Control board failover is automatically enabled upon SSP installation or upgrade. The fod daemon performs failover monitoring of the control boards and other failover components. If the primary control board is not functioning properly, the fod daemon will trigger an automatic failover to the spare control board. A control board failure can be caused by
A clock failure
When a clock failure occurs, all active domains arbstop simultaneously and a control board failover is automatically triggered. Both the system clock and JTAG interface are automatically moved to the spare control board. When the new control board is started, normal EDD recovery actions reboot the Sun Enterprise 10000 domains.
A JTAG interface failure
If the SSP cannot communicate with the JTAG interface, the SSP determines that the control board failed and automatically triggers a control board failover.

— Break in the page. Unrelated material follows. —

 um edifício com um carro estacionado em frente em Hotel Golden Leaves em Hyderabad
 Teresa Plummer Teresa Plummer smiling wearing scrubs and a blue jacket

Failure of the Ethernet interface on the control board
Failure of the control board processor
Disconnected cable between the control board and the hub
Failure of the hub connected to the control board
Disconnected cable between the main SSP and the hub
Failure of the SSP network interface card (NIC) for the control board network
User error caused by disabling the NIC for the control board network.
Note that under certain failure conditions the fod daemon can disable a control board failover. For a detailed description of the failure conditions and a summary of the failover actions performed, see Chapter 10, SSP Internals.
A control board failover can be either partial or complete, depending on whether domains are running:
If domains are active and a control board failure condition is detected, a partial failover occurs.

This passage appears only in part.